Once this avenue proves successful, the service will evolve into a voting platform until everyone uses a simple thumbs-up like to approve propositions and vote for candidates. The service will be labeled “a political revolution,” which will cause hipsters to harrumph offline while sipping west-coast IPAs and smoking their vapes. The “I Voted” sticker will be replaced by a status update that only unlocks once users vote and it will become the envy of all the social media land.
With Facebook’s acquiring Oculus Rift, its plan was always to help revolutionize mass perception of virtual reality. Once Oculus Rift invents affordable VR headsets—or even just Augmented Reality Headsets—and an inevitable mass proliferation takes place, Facebook will unveil its newest service Facebook Home at CES.

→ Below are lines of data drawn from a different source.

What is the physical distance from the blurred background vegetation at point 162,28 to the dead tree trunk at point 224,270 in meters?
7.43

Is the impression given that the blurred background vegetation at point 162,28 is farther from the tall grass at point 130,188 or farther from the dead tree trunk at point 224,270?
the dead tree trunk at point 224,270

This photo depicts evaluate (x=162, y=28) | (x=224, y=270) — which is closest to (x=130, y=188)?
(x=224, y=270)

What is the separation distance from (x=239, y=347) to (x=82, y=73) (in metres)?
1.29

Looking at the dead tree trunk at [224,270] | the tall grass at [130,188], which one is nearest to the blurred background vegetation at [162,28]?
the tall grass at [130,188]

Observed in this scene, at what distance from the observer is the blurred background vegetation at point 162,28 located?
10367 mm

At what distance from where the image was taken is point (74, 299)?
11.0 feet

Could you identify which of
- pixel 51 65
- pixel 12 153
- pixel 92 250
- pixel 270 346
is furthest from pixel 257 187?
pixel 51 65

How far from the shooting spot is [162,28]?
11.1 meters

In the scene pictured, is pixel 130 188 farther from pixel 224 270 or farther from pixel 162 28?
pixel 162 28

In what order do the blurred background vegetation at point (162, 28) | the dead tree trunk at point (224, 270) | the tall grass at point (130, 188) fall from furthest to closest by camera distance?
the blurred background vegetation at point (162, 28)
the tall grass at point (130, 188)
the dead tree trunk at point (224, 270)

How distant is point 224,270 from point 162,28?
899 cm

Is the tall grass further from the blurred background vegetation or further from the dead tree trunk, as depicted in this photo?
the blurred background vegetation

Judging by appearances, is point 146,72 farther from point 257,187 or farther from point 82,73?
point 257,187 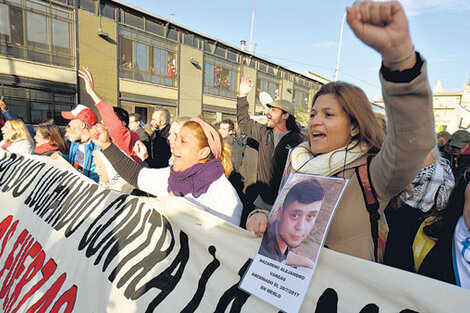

“So you want to Netflix and Chill with your significant other,” Zuckerberg will begin. “But there’s one problem: They’re not there. Maybe they’re away on business, or you’re dating someone long-distance. No worries.”
Then a curtain will slide away, revealing a woman sitting alone on her couch. On screen, though, two people will be seated on a red-leather love seat, watching an episode of Marvel’s latest spinoff TV series. Zuckerberg will press a button, and the screen will cut to a man alone, in small, windowless room. The only furniture in the room is the chair he’s sitting on.
“This man,” Zuckerberg will whisper evenly, “is thousands of miles away in Tokyo, Japan, but to him, he’s inches away from the love of his life. In fact, they’re holding hands.”
The audience will check the screen and see the live video confirming this fact: The couple is holding hands.
“Facebook Home lets you be wherever you want, with whomever you want, whenever you want, all from the comfort of your home,” Zuckerberg will shout to roaring applause. “Wish you lived on a Caribbean beach, the rolling waves and sea breeze relaxing your senses after a long day? Or perhaps the Rocky Mountains aims to be the sight you see when you look outside your window? All of this is possible thanks to Facebook Home.”
“As we like to say,” Zuckerberg will finish, “welcome to the home you always wish you had.”